Bonnie ve Clyde

Kimler “vatana ihanet”le suçlanmadı ki... Hainleri kahraman, kahramanları hain yapan tezgahın tanığıdır tarih. Vatan hainliği suçlaması yapanlar, çoğu zaman suçladıklarından daha büyük ihanet içinde oldu. Vurgunu-soygunu saklamak için vatan hainliği örtüsü kullanıldı.

Az ya da çok ama her coğrafyanın vatan haini elbette vardı. Önemli olan kimin kime neden vatan haini dediğini bulmaktı.

1930’lar Amerika’sının fırsatlarını kullanıp siyasal güce kavuşan ne asar-ı antika Don Vito Corleone’nin ne de ondan yıllar sonra 1993’te Silvio Berluconi’nin Forza Italia’sını destekleyen post modern Bernardo Provazano’nun yaşamlarında vatan haini suçlaması var.
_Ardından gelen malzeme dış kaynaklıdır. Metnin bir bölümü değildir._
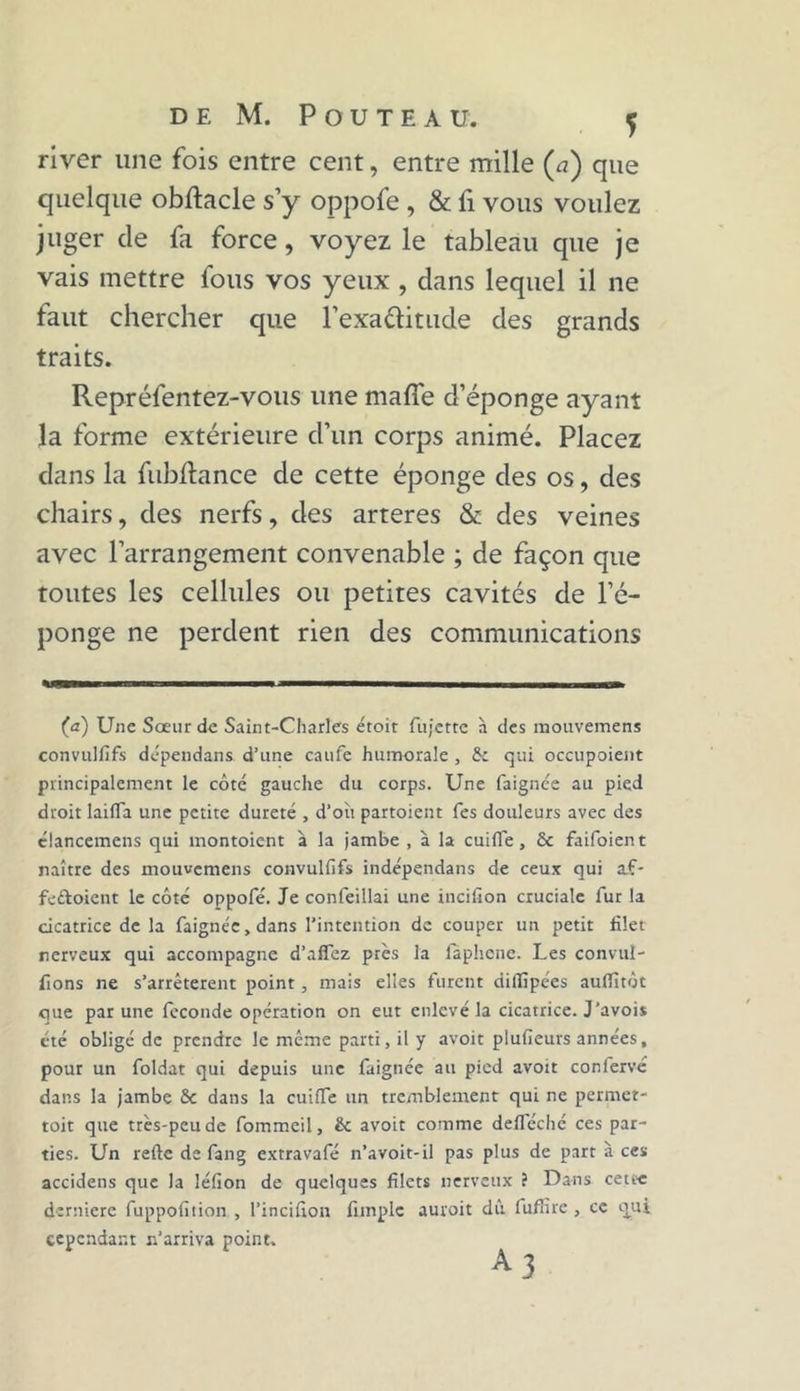 river une fois entre cent, entre mille (a) que quelque obftacle s’y oppofe , & fi vous voulez juger de fa force, voyez le tableau que je vais mettre fous vos yeux , dans lequel il ne faut chercher que l'exactitude des grands traits. Repréfentez-vous une maffe d’éponge ayant la forme extérieure d’un corps animé. Placez dans la fubftance de cette éponge des os, des chairs, des nerfs, des arteres & des veines avec l’arrangement convenable ; de façon que toutes les cellules ou petites cavités de l’é- ponge ne perdent rien des communications (a) Une Sœur de Saint-Charles étoit fujctte à des mouvemens convulfifs dépendans d’une caufe humorale, & qui occupoient principalement le côté gauche du corps. Une faignée au pied droit laifla une petite dureté , d’où partoient Tes douleurs avec des clancemens qui montoient à la jambe , à la cuifle, ôc faifoient naître des mouvemens convulfifs indépendans de ceux qui a£- fe&oient le côté oppofe. Je confeillai une incifion cruciale fur la cicatrice de la faignée, dans l’intention de couper un petit filet nerveux qui accompagne d’affez près la faphene. Les convul- fions ne s’arrêtèrent point, mais elles furent diflîpées aulfitôt que par une fécondé opération on eut enlevé la cicatrice. J’avois été obligé de prendre le même parti, il y avoit plufieurs années, pour un foldat qui depuis une faignée au pied avoit confervé dans la jambe & dans la cuitTe un tremblement qui ne permet- toit que très-peu de fommeil, & avoit comme defieché ces par- ties. Un refie de fang extravafé n’avoit-il pas plus de part à ces accidens que la léfion de quelques filets nerveux ? Dans cette derniere fuppofition , l’incifion fimplc auroit dû fufîrre , ce qui cependant n’arriva point. ^3
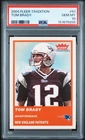 2004 FLEER TRADITION #51 TOM BRADY PSA 10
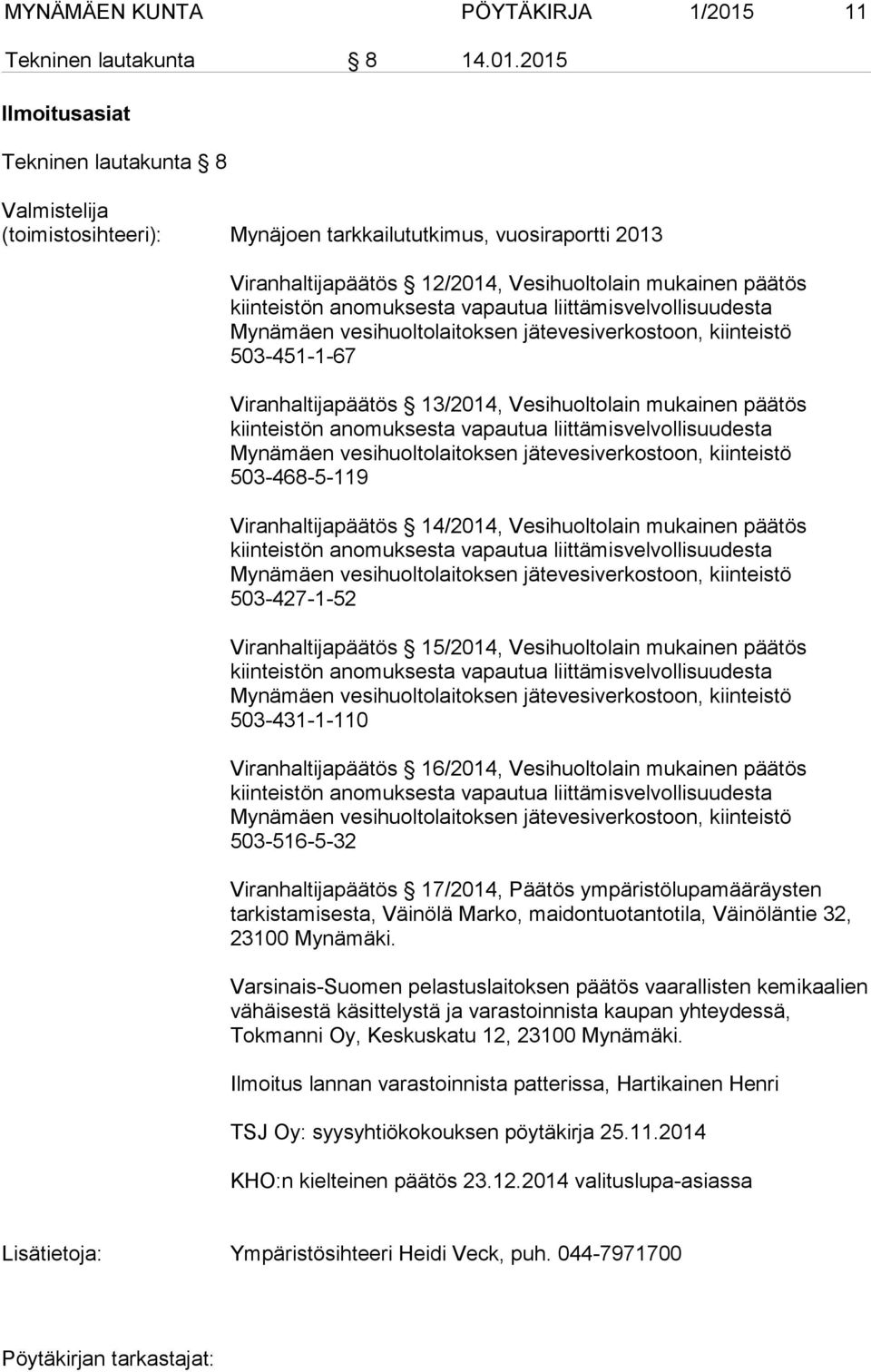 2015 Ilmoitusasiat Tekninen lautakunta 8 Valmistelija (toimistosihteeri): Mynäjoen tarkkailututkimus, vuosiraportti 2013 Viranhaltijapäätös 12/2014, Vesihuoltolain mukainen päätös kiinteistön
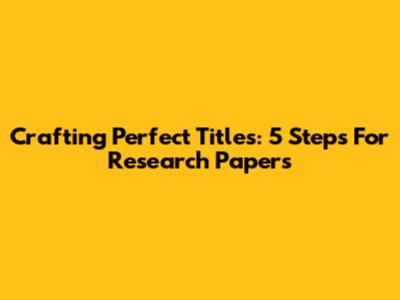 Crafting Perfect Titles: 5 Steps For Research Papers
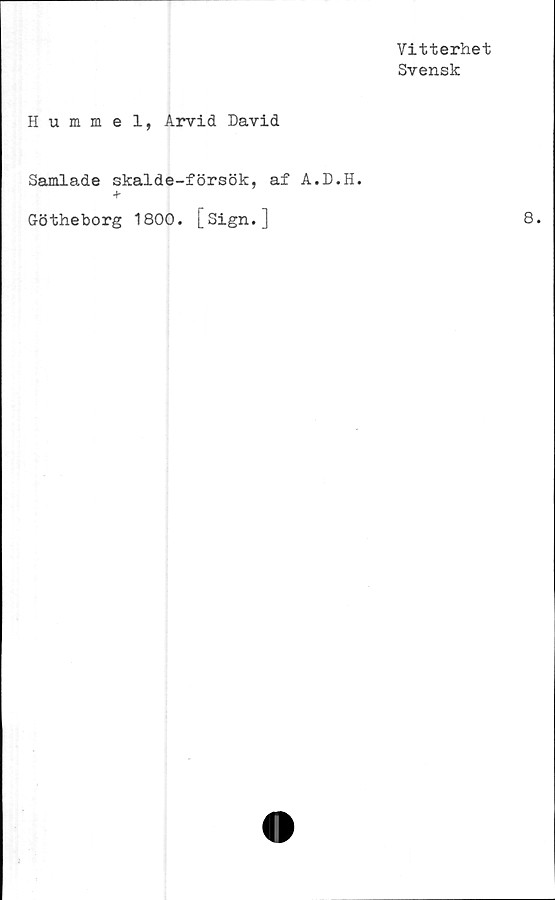  ﻿Vitterhet
Svensk
Hummel, Arvid David
Samlade skalde-försök, af A.D.H.
Götheborg 1800. [Sign.]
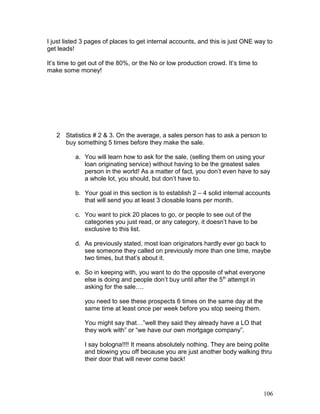 I just listed 3 pages of places to get internal accounts, and this is just ONE way to 
get leads! 
It’s time to get out of the 80%, or the No or low production crowd. It’s time to 
make some money! 
2 Statistics # 2 & 3. On the average, a sales person has to ask a person to 
buy something 5 times before they make the sale. 
a. You will learn how to ask for the sale, (selling them on using your 
loan originating service) without having to be the greatest sales 
person in the world! As a matter of fact, you don’t even have to say 
a whole lot, you should, but don’t have to. 
b. Your goal in this section is to establish 2 – 4 solid internal accounts 
that will send you at least 3 closable loans per month. 
c. You want to pick 20 places to go, or people to see out of the 
categories you just read, or any category, it doesn’t have to be 
exclusive to this list. 
d. As previously stated, most loan originators hardly ever go back to 
see someone they called on previously more than one time, maybe 
two times, but that’s about it. 
e. So in keeping with, you want to do the opposite of what everyone 
else is doing and people don’t buy until after the 5th attempt in 
asking for the sale…. 
you need to see these prospects 6 times on the same day at the 
same time at least once per week before you stop seeing them. 
You might say that…”well they said they already have a LO that 
they work with” or “we have our own mortgage company”. 
I say bologna!!!! It means absolutely nothing. They are being polite 
and blowing you off because you are just another body walking thru 
their door that will never come back! 
106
Toplum dışı ilan edilen ama vatan haini sıfatı yapıştırılmayan mafya liderleri onlar.

HADİ CANIM SEN DE
Gözünüzü kapayın, 1930’ların vurgun soygun batağına çıkmak için çırpınan Amerika’da olduğunuzu varsayın.

Başkan Franklin birden öfkelenmiş karşısında donmuş gibi duran yardımcılarına “bunlar ne yapıyor” diye sormuştur belki. Henry A. Wallac ürküp “vatana ihanetten başka dertleri yok ” demiştir kestirmeden. Nance Garner’e göre “ikisi de ihanet içindeydi” aslında. Truman, “hadi canım sen de Bonnie de mi” diye yanıtlamıştı Franklin’i.

Kimbilir, belki o gün sabaha dek Bonnie ve Clyde konuşulmuştu.

ÜÇÜNCÜ DÜNYA SÜBYANI
Şimdi hemen bir önceki paragrafı unutun, kendinize bir “Kahve Molası” verip, örneğin Bonnie ve Clyde’ı tanımaya başlayın:

“Küresel değerlerin icabı, yerküremizin kahramanlarını sevdirmek maksadıyla tanıtmaya devam ediyoruz. Rabbim bizi yanlış anlayanlardan korusun.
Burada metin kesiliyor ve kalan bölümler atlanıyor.